The Bank, a full-service commercial bank, currently conducts all of its
operations in Randolph, Montgomery and Chatham counties in North Carolina. Four
offices, including the main office, are located in Asheboro. Additional
community offices are located in Archdale (two offices), Biscoe, Ramseur,
Randleman, Seagrove and Siler City. Some of the major services offered include
checking accounts, NOW accounts (including package account versions that offer a
variety of products and services), money market accounts, savings accounts,
certificates of deposit, holiday club accounts, individual retirement accounts,
credit cards and loans, both secured and unsecured, for business, agricultural
and personal use. The Bank also has automated teller machines and is a member of
two national teller machine networks, Cirrus and Plus, and one regional network,
Honor.

The Bank has a Trust and Investment Services Division that offers
traditional trust and estate settlement services, investment management
programs, brokerage services and tax-deferred annuities. In 1995, the Trust and
Investment Services Division began offering investment products and services
through "FNB Investor Services", a service provided by Liberty Securities.

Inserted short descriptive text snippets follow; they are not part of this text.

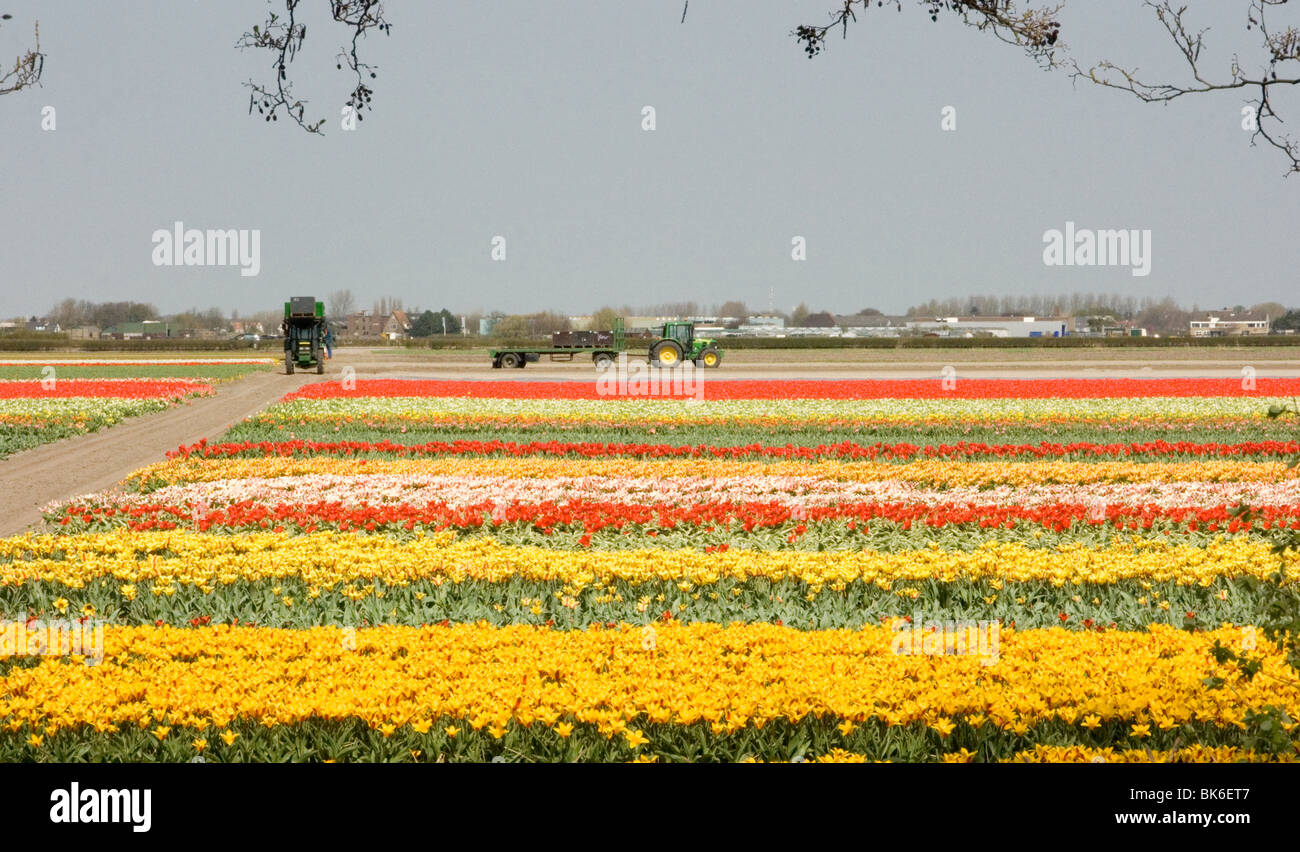 Bulb fields near Lisse, Holland Stock Photo Alamy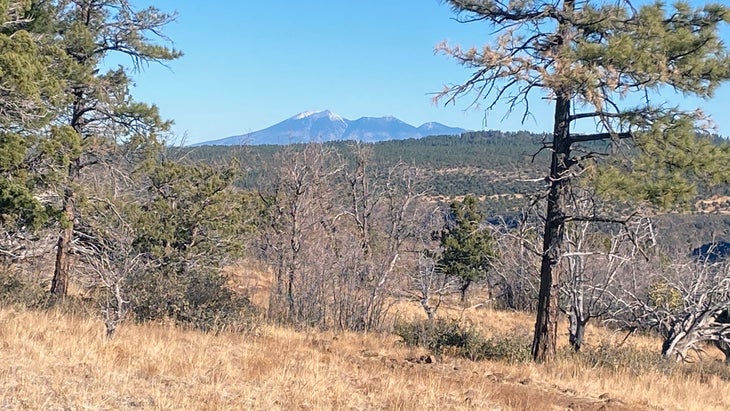 dispersed camping near sedona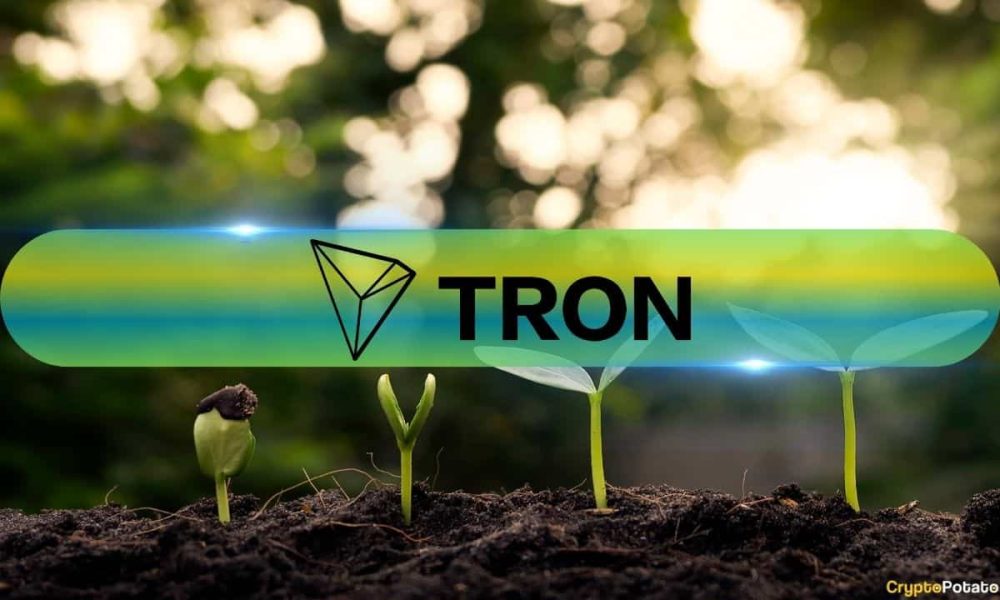 How Well Did the Tron Network Perform in 2025? CryptoQuant Offers Insights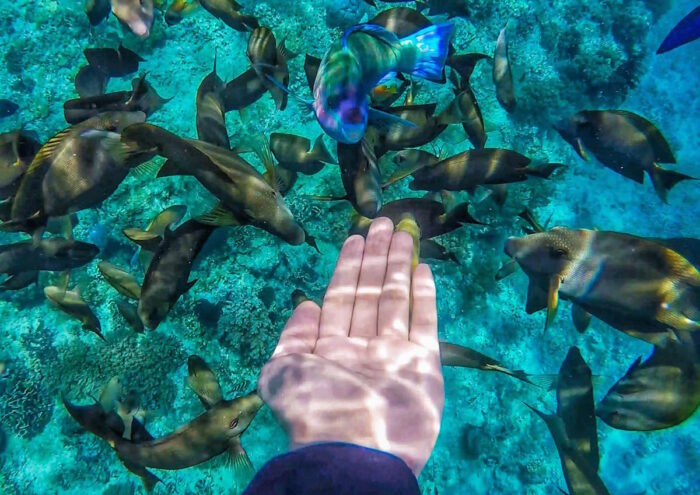 underwater paradise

On June 3, 1997, the Corporation entered into a definitive agreement to
acquire Home Savings Bank of Siler City, Inc., SSB ("Home Savings") of Siler
City, North Carolina. Under terms of the agreement, Home Savings shareholders
were to receive $15.50 per share, either in FNB Corp. common stock or in cash or
a combination thereof, subject to the limitation that FNB Corp. common stock
issued in the merger would be not more than 60% and not less than 50% of the
total consideration. On January 28, 1998, as permitted by the agreement, the
Board of Directors of Home Savings exercised its right to terminate the proposed
combination due to the increase in the market value of FNB Corp. common stock
above a specified level.

On December 30, 1993, the Corporation entered into definitive agreements to
acquire two mutual savings banks in merger/conversion transactions, pursuant to
which the savings banks would convert from mutual to stock form and the
Corporation would simultaneously acquire the shares issued in the conversions.
In 1995, the agreements expired without the acquisitions having been completed
due to changes in federal and state regulatory policies which strictly limited
the circumstances under which such transactions would be permitted.

The Corporation incurred certain costs in connection with the proposed
acquisitions. Those costs, which had been initially deferred, are included in
merger expenses in the consolidated statements of income and amounted to
$305,000 and $186,350 for the years ended December 31, 1997 and 1995,
respectively.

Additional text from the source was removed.